- [Exercise data]:
= = =
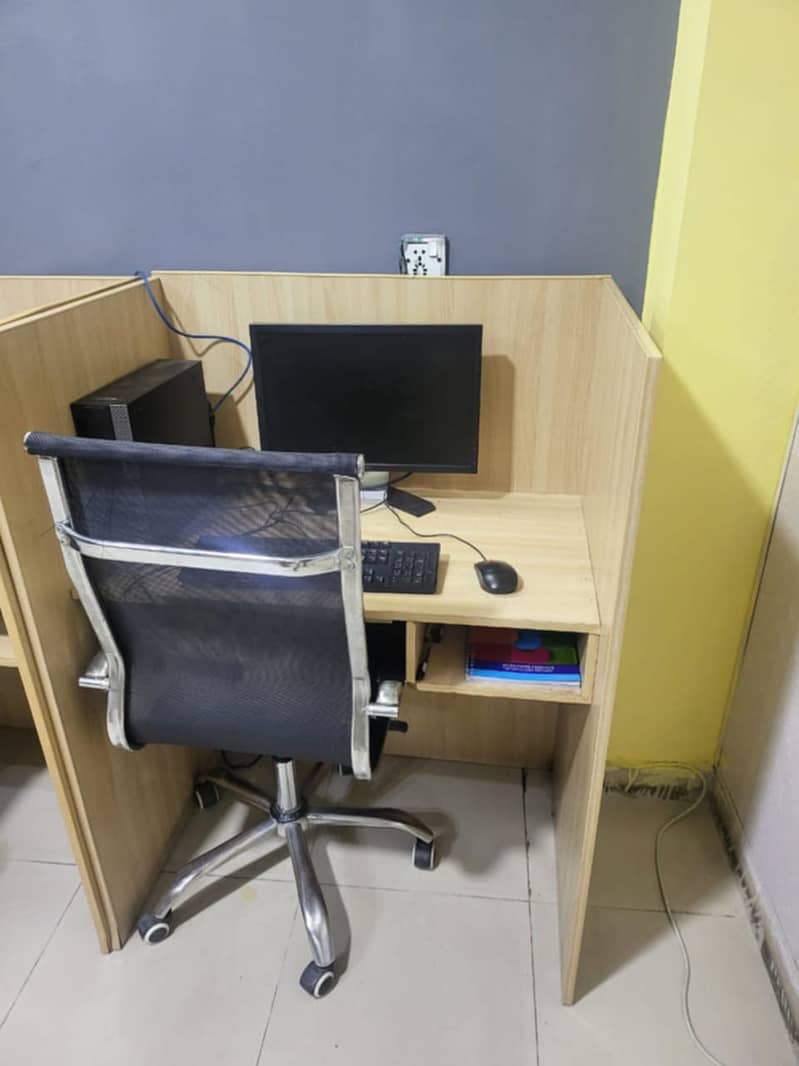 Office Work Station in very good condition 1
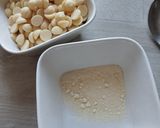 Φωτογραφία βήματος 1 της συνταγής Panna cotta (Πάννα Κόττα) με λευκή σοκολάτα και κουλί μάνγκο
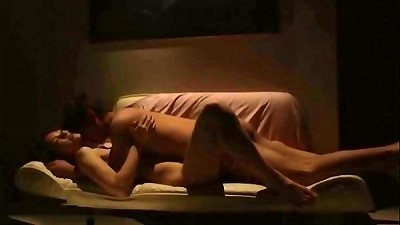 Green stool enjoy Conceptually 2013 - http&colon;&sol;&sol;like&period;load&period;vn&sol;m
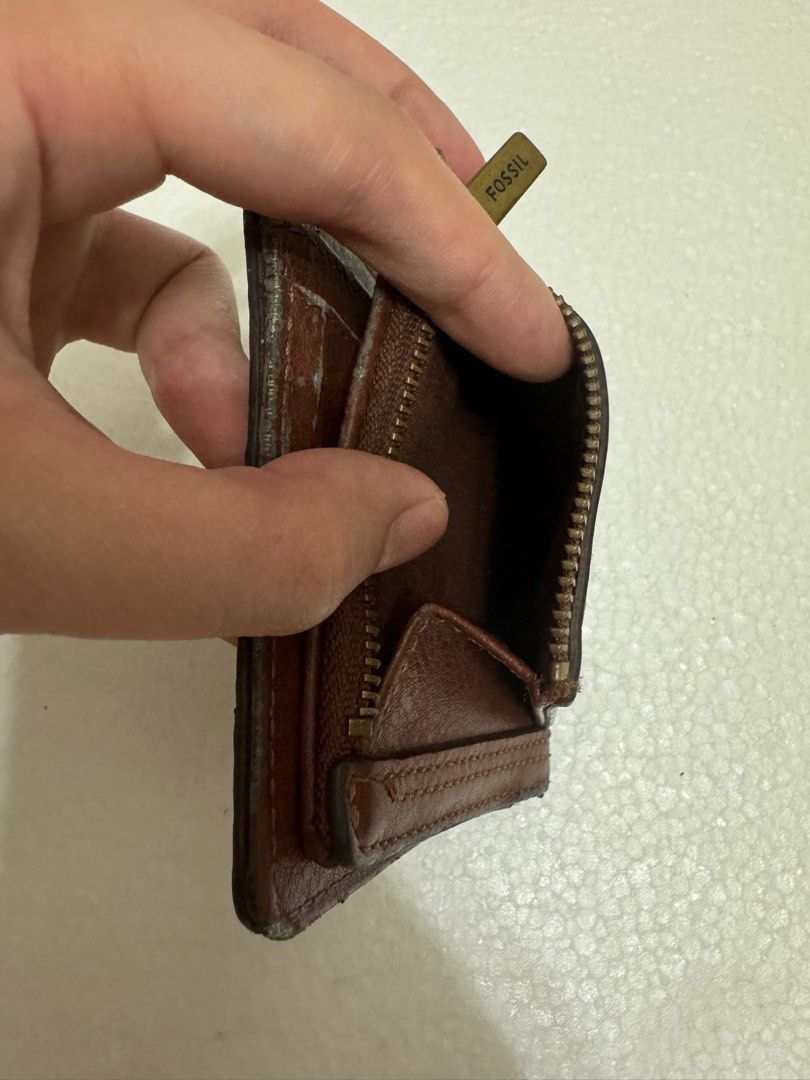 Fossil rfid purse store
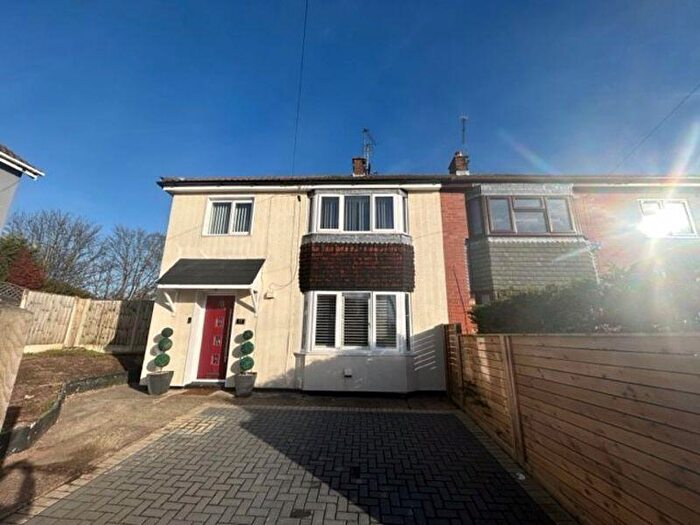 4 Bedroom Semi-Detached House To Rent In Fir Tree Close, Mansfield, NG19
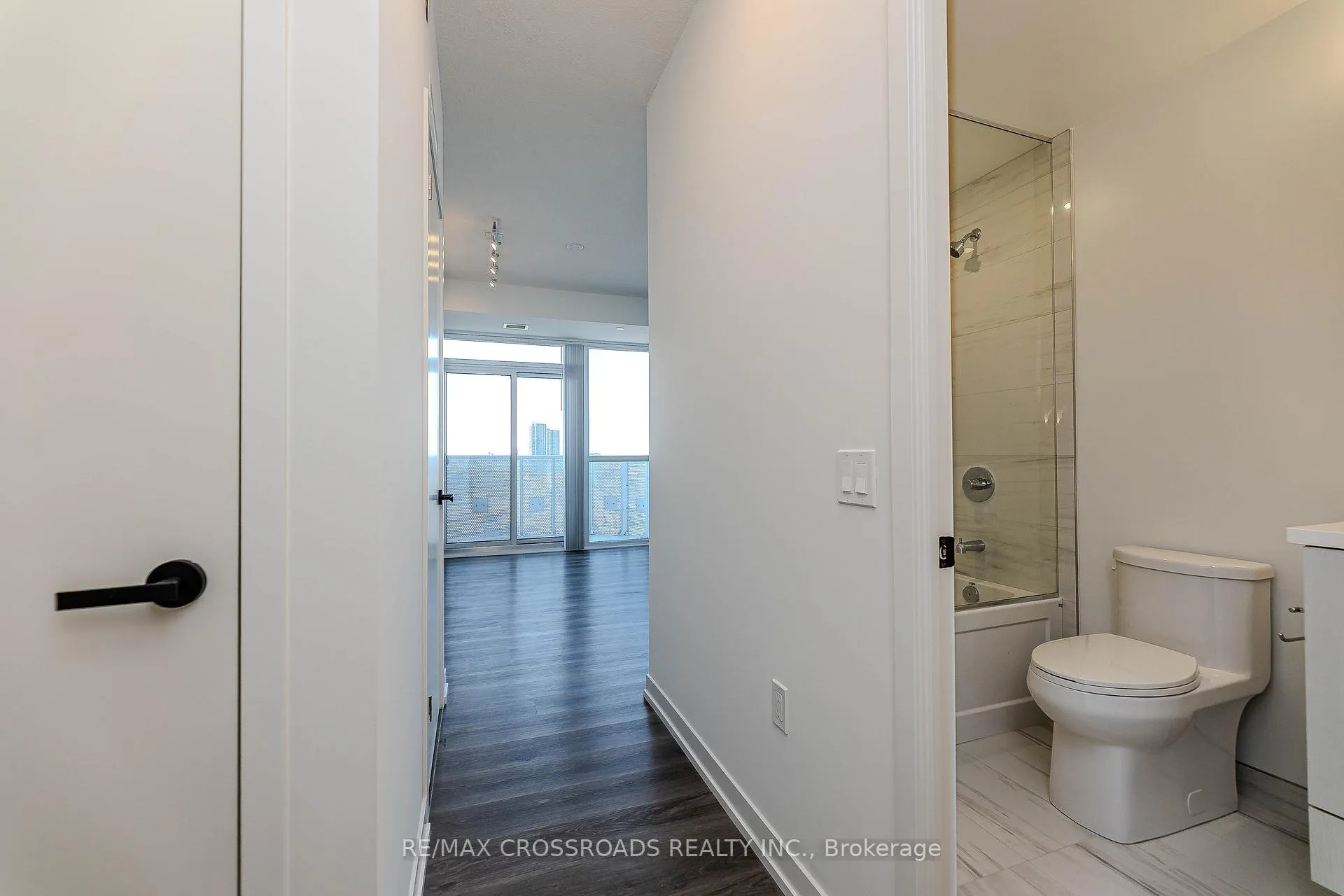 Photo 4 of Unit 1209, 225 Commerce Street, Vaughan, Vaughan Corporate Centre — HOMEH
= = =
- [Prompt]: Please transcribe the entries exactly, omitting the images.

- [Output]:
 Office Work Station in very good condition 1
 Φωτογραφία βήματος 1 της συνταγής Panna cotta (Πάννα Κόττα) με λευκή σοκολάτα και κουλί μάνγκο
 Green stool enjoy Conceptually 2013 - http&colon;&sol;&sol;like&period;load&period;vn&sol;m
 Fossil rfid purse store
 4 Bedroom Semi-Detached House To Rent In Fir Tree Close, Mansfield, NG19
 Photo 4 of Unit 1209, 225 Commerce Street, Vaughan, Vaughan Corporate Centre — HOMEH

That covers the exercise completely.